# Different portafilter for delonghi dedica



## NickDa (Dec 14, 2019)

Hi all

I have a delonghi dedica and the i would like to get a better portafilter for it as the normal one only holds around 14g of coffee and is 'double' walled. I have seen that people 'mod' the current one but considering my lack of experience with power tools and that there isn't a workshop near me that seems out of the question. Does anyone know if you can buy a portafilter from another manufacturer or something that will fit ?


----------



## Mudlark13 (Apr 21, 2019)

I would recommend buying a replacement basket which you can put into your existing portafilter. These fit perfectly and are available from China on eBay/AliExpress for about 1/4 of the price but a longer delivery wait than Amazon (https://www.amazon.co.uk/Coffee-Stainless-Strainer-Pressurized-Breville/dp/B07SFXZCPB/ref=sr_1_15?keywords=51mm+basket&qid=1580843896&sr=8-15). As you mentioned, the stock baskets supplied by De'Longhi are pressurised double walled baskets, whereas this a single wall and so will require a finer grind from a decent espresso grinder. However, with a decent grinder and an unpressurised basket you will make a much better coffee!


----------



## NickDa (Dec 14, 2019)

HI mate , should have mentioned that i have already bought a bigger non pressurized basked but it only fits if i also remove the plastic thing ( directs the coffee to the outlets ) so didnt really like the idea of having the coffee run down the metal part...


----------



## Mudlark13 (Apr 21, 2019)

NickDa said:


> HI mate , should have mentioned that i have already bought a bigger non pressurized basked but it only fits if i also remove the plastic thing ( directs the coffee to the outlets ) so didnt really like the idea of having the coffee run down the metal part...

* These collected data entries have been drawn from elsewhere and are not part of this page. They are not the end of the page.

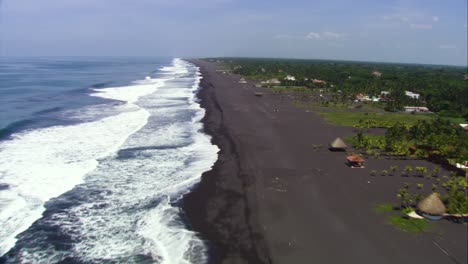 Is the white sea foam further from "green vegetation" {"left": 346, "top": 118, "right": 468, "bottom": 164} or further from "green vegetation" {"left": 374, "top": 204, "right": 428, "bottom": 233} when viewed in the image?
"green vegetation" {"left": 346, "top": 118, "right": 468, "bottom": 164}

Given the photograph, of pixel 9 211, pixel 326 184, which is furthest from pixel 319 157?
pixel 9 211

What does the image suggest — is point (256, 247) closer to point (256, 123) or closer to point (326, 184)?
point (326, 184)

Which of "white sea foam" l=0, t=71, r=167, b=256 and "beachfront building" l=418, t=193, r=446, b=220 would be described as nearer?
"beachfront building" l=418, t=193, r=446, b=220

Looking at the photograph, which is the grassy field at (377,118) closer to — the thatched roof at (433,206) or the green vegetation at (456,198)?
the green vegetation at (456,198)

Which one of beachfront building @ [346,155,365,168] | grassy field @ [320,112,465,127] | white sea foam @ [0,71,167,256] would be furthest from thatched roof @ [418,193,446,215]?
grassy field @ [320,112,465,127]

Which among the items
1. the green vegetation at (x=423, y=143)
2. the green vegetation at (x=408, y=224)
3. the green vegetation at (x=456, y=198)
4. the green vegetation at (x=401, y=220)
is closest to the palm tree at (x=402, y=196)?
the green vegetation at (x=401, y=220)

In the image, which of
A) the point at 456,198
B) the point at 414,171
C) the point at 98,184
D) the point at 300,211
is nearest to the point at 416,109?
the point at 414,171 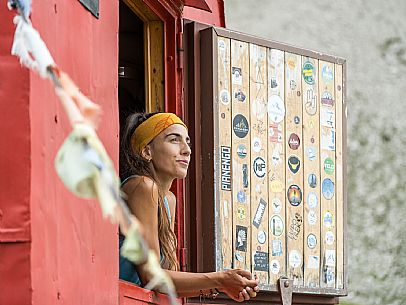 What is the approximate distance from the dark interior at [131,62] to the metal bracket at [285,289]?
0.99 meters

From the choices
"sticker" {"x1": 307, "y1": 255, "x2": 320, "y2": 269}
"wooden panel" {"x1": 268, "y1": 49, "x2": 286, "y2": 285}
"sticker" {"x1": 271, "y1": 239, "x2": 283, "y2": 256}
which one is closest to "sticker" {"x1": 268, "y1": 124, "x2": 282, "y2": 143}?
"wooden panel" {"x1": 268, "y1": 49, "x2": 286, "y2": 285}

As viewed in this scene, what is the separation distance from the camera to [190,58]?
601 cm

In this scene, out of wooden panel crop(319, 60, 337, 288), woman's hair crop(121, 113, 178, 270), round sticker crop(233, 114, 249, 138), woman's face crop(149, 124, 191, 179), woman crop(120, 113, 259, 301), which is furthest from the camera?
wooden panel crop(319, 60, 337, 288)

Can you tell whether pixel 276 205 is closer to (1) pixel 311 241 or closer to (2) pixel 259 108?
(1) pixel 311 241

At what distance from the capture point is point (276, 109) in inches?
244

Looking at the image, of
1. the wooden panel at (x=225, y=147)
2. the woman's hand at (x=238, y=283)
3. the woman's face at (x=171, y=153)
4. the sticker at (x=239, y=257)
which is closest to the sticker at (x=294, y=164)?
the wooden panel at (x=225, y=147)

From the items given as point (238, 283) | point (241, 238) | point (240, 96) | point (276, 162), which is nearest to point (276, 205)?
point (276, 162)

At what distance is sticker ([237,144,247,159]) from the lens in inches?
235

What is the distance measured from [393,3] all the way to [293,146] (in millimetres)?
7359

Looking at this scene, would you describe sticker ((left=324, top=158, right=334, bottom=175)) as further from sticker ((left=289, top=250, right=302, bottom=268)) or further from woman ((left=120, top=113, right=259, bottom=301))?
woman ((left=120, top=113, right=259, bottom=301))

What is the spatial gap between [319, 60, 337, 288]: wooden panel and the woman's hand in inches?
44.5

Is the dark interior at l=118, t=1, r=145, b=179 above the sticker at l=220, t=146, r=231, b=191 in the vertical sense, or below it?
above

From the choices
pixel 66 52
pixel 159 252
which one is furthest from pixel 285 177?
pixel 66 52

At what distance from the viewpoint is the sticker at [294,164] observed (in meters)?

 Ahh I see. I don't think there are any portafilters that fit the Dedica which don't have the plastic insert - instead, I just cut the size of the insert down. If you remove the screw from the bottom of the portafilter and then take out the plastic insert you should be able to cut it down to size with a good knife or scissors.


----------



## NickDa (Dec 14, 2019)

Ah not a bad idea ! Will give that a go , thanks !


----------



## VonPete (Aug 1, 2019)

I just removed the plastic insert on mine and the switch to the unpressurised basket was a huge improvement.


----------